When I began my blog, I wanted to have a clean, powerful start. Though I’d never undertaken one before, I knew that the beginning of my blog would, like a race, be crucial to its success. I researched how often to post in order to optimize getting traction, and found some sound advice on Jane Friedman’s site, with her post “How to Start Blogging: A Definitive Guide for Authors.” “Ideally,” she advised, “starting out, you should post 3-5x per week. The longer you blog, and the more of an audience you build up, the more you can ease back on frequency.” Never intending before finding this to post so often, I opted for three.
The first week, I published on Monday, Tuesday, Thursday.
I began my blog at a rowing start — a pace not intended to be maintained for the long haul. Rather, like in rowing, it was to gather momentum, get me up to speed. But the difference between my former rowing days and my blogging practices was this: instead of starting from a stop like in rowing, with my blog I was already in motion when I began. With the bulk of my boat — which was my blog — already moving with momentum through the water as I crossed the start line when making my site live, I was not working up to full-speed: I’d already begun with it.
In a rowing race (a regatta), each muscle strains. When you row hard, your entire body feels like it’s screaming. There is a chemical reason for this: your body cannot supply the oxygen sufficient to what your muscles are demanding fast enough. This is called “oxygen debt.”
But at the beginning of a race, you have the advantage of lungs full of air to adequately supply your muscles. You have an oxygen reserve, at least for awhile.
Before I ever published my first blog post, I did a fair amount of work generating creative content. I didn’t want to run out of ideas three days into making my blog live! So by the time I began publishing, I had a small reserve of blog posts already written.
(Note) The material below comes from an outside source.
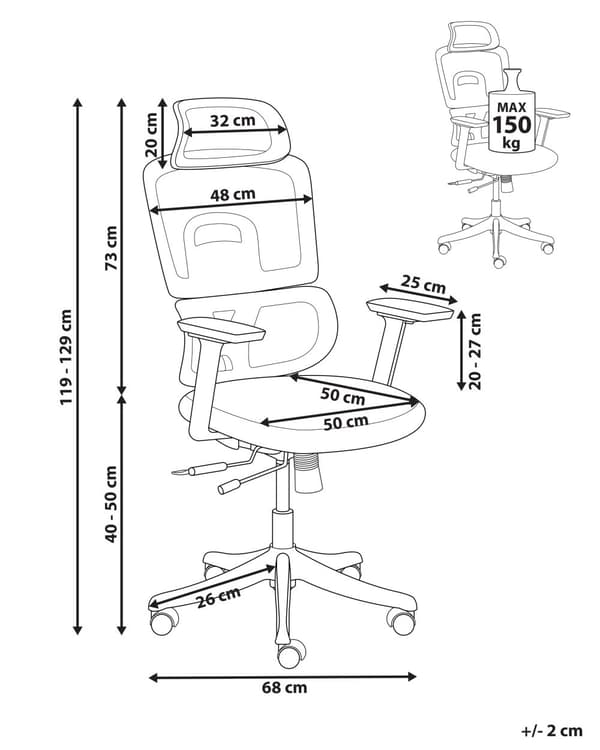 Kontorstol Mørkerød Mesh 150 kg Ergonomisk Stol til Kontor med Nakkestøtte Computerstol med Armlæn Hjemmekontorstol med Vippefunktion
At the beginning of a race, besides the sound of your own heavy breathing, the slide of your seat on its tracks, the release of your blade, and the click of eight oarlocks rocking in time, you hear the surprising sound of a trickle of water rush beneath the shell of a boat that’s thin enough to put your foot through if you were to stand on it at full weight. It’s a beautiful thing, hearing that trickle through the thin shell separating you from the water.
Inside the boat house, on the ergs, we were urged to practice rowing slowly, deliberately, powerfully, by following the pace and power of another rower. She sat at the front of the room with her back to us, facing the same direction as we were, as though we were in a boat. Each of her strokes was a masterpiece of precision, control, and power.
Rowing slowly and deliberately like this was, for me, difficult: more difficult than rowing your heart out in a regatta. I liked the immediate reward of seeing the meters flash past with quick successive strokes. But at 20 strokes per minute, in a practice like this, each movement was controlled. Technique, consistency, efficiency, frequency, and finesse were all concentrated. Instead of seeing a steady flow of meters like when you have a rapid rate, when rowing slowly your pace surges with each drive of your legs, and then slows during the recovery. On a rowing machine, the fan roars and slows every few seconds; on the water, the trickle accelerates, then lessens, as you inch your way up your slide — controlled — before another powerful drive of your legs.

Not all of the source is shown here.